[Opening Records supplied section]
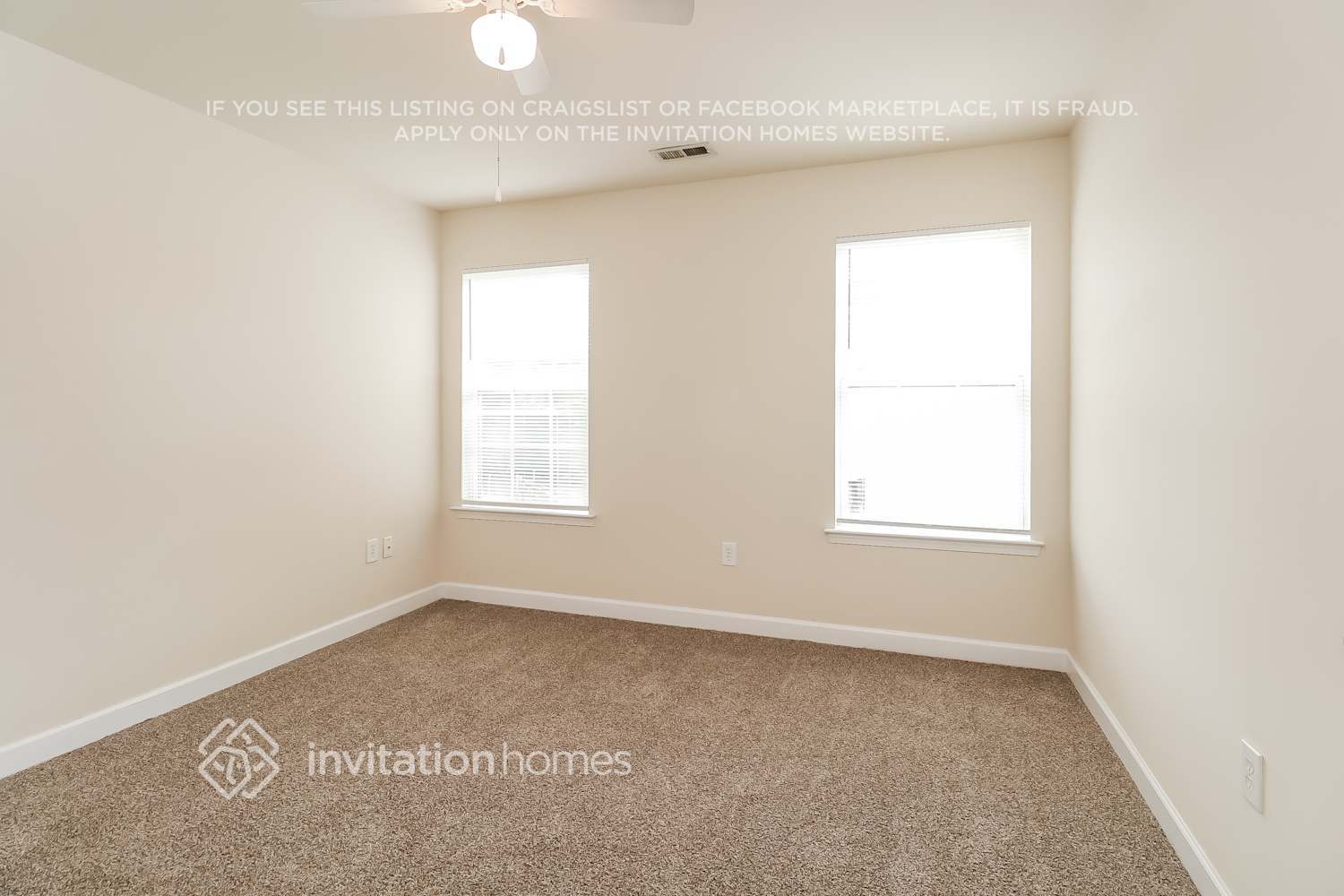 Building Photo - 740 Raindrops Rd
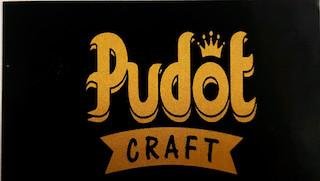 Trademark Pudot CRAFT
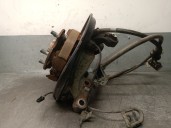 Recambio de mangueta trasera izquierda para lexus rx (_u3_) 400h (mhu38_) referencia OEM IAM 4230548031 4230548031 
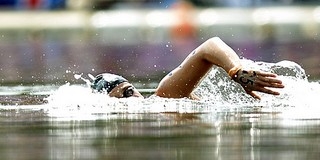 Ez a mi napunk Londonban: Risztov Éva is olimpiai bajnok! Ez a mi napunk Londonban: Risztov Éva is olimpiai bajnok!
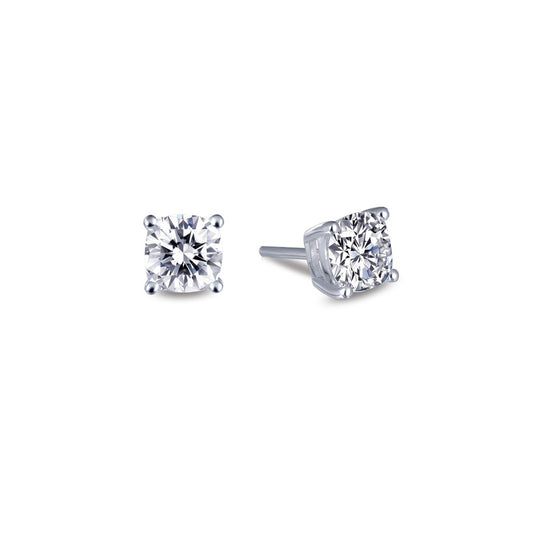 Lafonn Earring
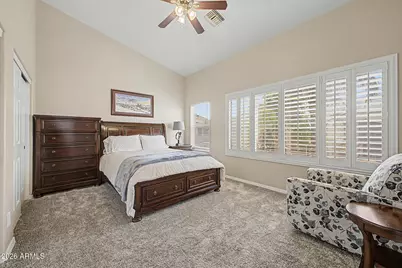 496 N Mondel Drive, Gilbert, AZ 85233 - Photo 42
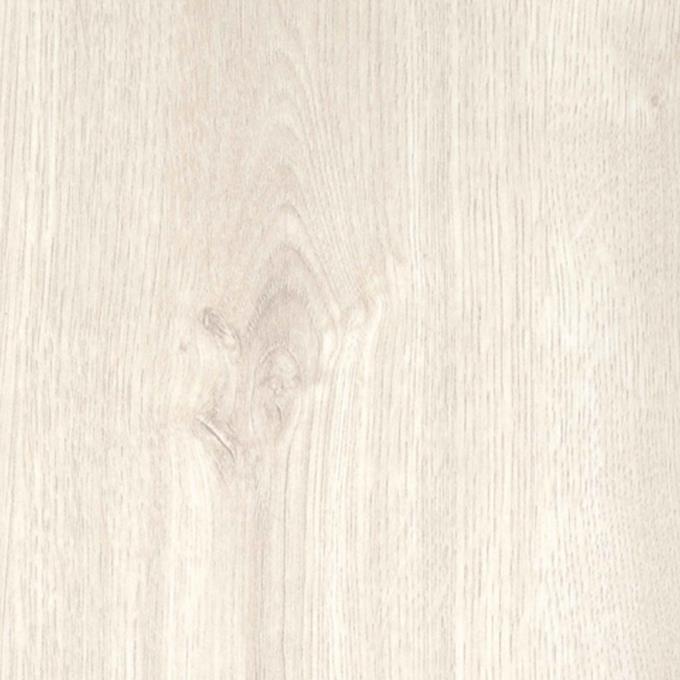 Ламинат Alsapan Forte 453 Дуб Пилат, упаковка 1.65 м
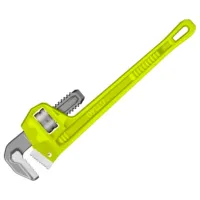 Cleşte mops DYLLU DTPW1108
[Closing Records supplied section]
## [Work required]
For every entry, return its exact wording and leave out any image.

## [Reply]
 Building Photo - 740 Raindrops Rd
 Trademark Pudot CRAFT
 Recambio de mangueta trasera izquierda para lexus rx (_u3_) 400h (mhu38_) referencia OEM IAM 4230548031 4230548031 
 Ez a mi napunk Londonban: Risztov Éva is olimpiai bajnok! Ez a mi napunk Londonban: Risztov Éva is olimpiai bajnok!
 Lafonn Earring
 496 N Mondel Drive, Gilbert, AZ 85233 - Photo 42
 Ламинат Alsapan Forte 453 Дуб Пилат, упаковка 1.65 м
 Cleşte mops DYLLU DTPW1108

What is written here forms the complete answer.